Mientra el hombre creía que la Tierra era plana, no había inconveniente alguno en concebir el cielo como una cúpula rígida cuyo borde se ajustaba al plano de la Tierra en todos los puntos de su perímetro. El espacio cerrado así formado tampoco necesitaba tener una altura desmesurada, pues que fuese de unos dieciséis kilómetros, por ejemplo, bastaría para abarcar las montañas más altas y las nubes.
Ahora, si la Tierra fuese una esfera, el cielo tenía que ser una segunda esfera, más grande que la primera y que envolviese a la Tierra por completo. Entonces, sería la esfera del cielo la que constituyese los límites del Universo; conocer sus dimensiones revestía, por tanto, el máximo interés.
A juzgar por los conocimientos que se derivan de observaciones puramente informales, la esfera celeste debía de ceñirse bastante a la esfera de la Tierra, quizá a una distancia de la superficie de unos dieciséis kilómetros en todas las direcciones. Si el diámetro de Tierra era de 12.800 kilómetros, el del cielo podría ser de unos 12.832 kilómetros.
Pero no debemos conformarnos con observaciones puramente informales, ya que los griegos (y antes que ellos los babilonios y egipcios) tampoco se contentaron con este tipo de observaciones.
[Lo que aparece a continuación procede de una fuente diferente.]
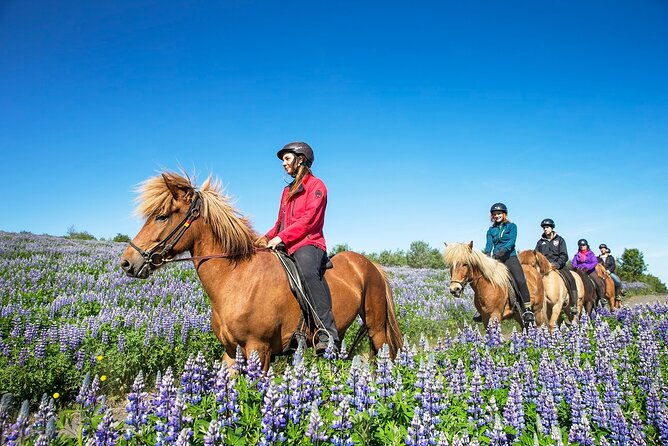 horseback-riding-tour-in-iceland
La esfera celeste parece describir una vuelta completa alrededor de la Tierra cada veinticuatro horas. Durante este movimiento da la sensación de que el cielo arrastra consigo las estrellas en bloque, o sea, la posición relativa de las estrellas no varía, sino que permanecen fijas en su sitio año tras año (de ahí el nombre de estrellas fijas). Nada más natural, pues, que pensar que las estrellas se encontraban adosadas a la bóveda celeste como si fueran cabezas de alfiler luminosas; tal fue, en efecto, la creencia que prevaleció hasta el siglo XVII.